Blueberry Filling- 2/3 cup blueberry jam or preserves
1/2 lemon, juiced
Custard Sauce- 2 TBSP sugar
2 tsp cornstarch
Pinch kosher salt
3/4 cup milk
1 egg yolk
1 tsp vanilla extract
3 TBSP confectioners' sugar, for garnish
To make crepes- Whisk the flour, sugar, lemon zest and salt in a
medium bowl. In a measuring cup, whisk together the milk, egg
and 1 TBSP of butter. Slowly whisk the egg mixture into the flour
mixture until smooth.
In heavy small aute pan or crepe pan, lightly brush the pan with
a layer of melted butter and heat over medium-high heat.

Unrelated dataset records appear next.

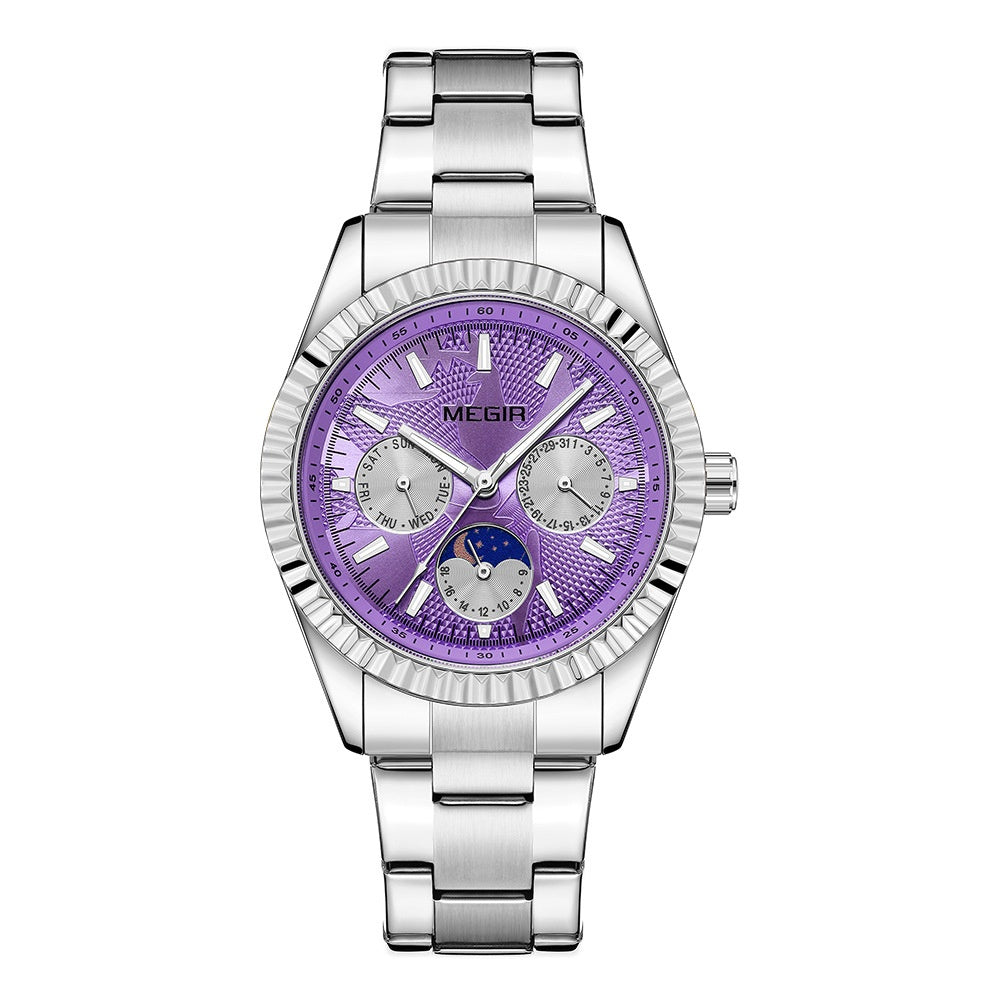 Lunar Phase Business Steel-Strap Waterproof Quartz Montre homme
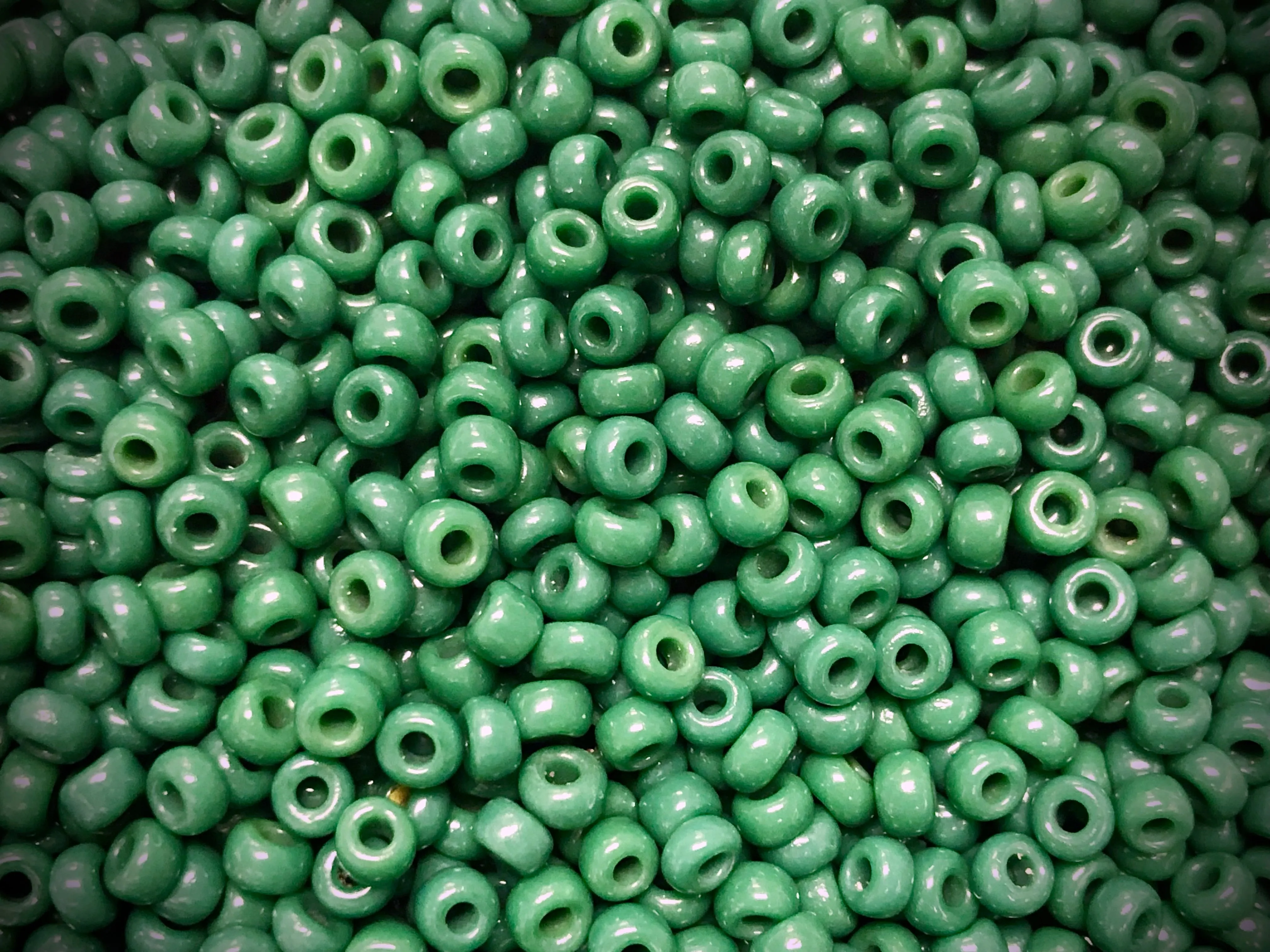 Vintage Venetian Seed Beads - 6/0 - Pine Green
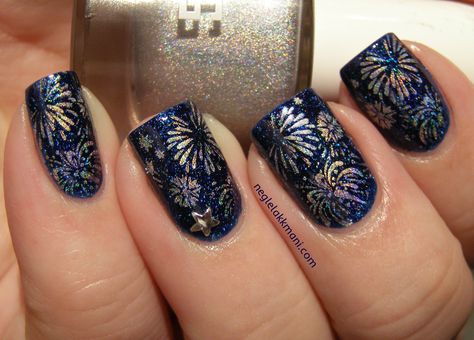 Happy New Year! FNUG Psychedelic stamped o/ Picture Polish Cosmos Firework Nail Art, Firework Nails, New Years Nail Art, New Years Nail Designs, New Years Eve Nails, Picture Polish, Holiday Nail Art, New Year's Nails, Prom Nails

Working quickly, pour in about 3 TBSP of batter and tilt the pan
to coat. Cook 1 or 2 minutes and then flip with a thin metal
spatula to finish cooking the other side, another minute. Repeat
with remaining batter. Keep the crepes warm while preparing the
rest of the dessert.
To make the Blueberry filling- Heat the jam in a small pan over low
heat or microwave until warm and syrupy. Whisk in the lemon juice
and set aside.
To make the Custard Sauce- In a small saucepan, whisk the
sugar, cornstarch and salt together until well blended. Whisk in
the milk and cook over low heat until almost boiling, then
remove from the heat. In a small bowl, whisk together the egg
yolk and vanilla until well blended. Add a couple of TBSP of hot
milk from the saucepan and whisk to temper the egg. Add
resulting egg mixture to the rest of the warm milk in the pan,
whisking to combine. Cook over low heat until the sauce begins
to thicken (do not boil). Let the sauce cool slightly while
assembling the crepes.
To assemble- Spread some of the blueberry filling in a line down
the center of each crepe and roll up. Spoon a few TBSPS of the
custard sauce on top and sprinkle (if desired) with a light
confectioners' sugar on top to garnish. Enjoy!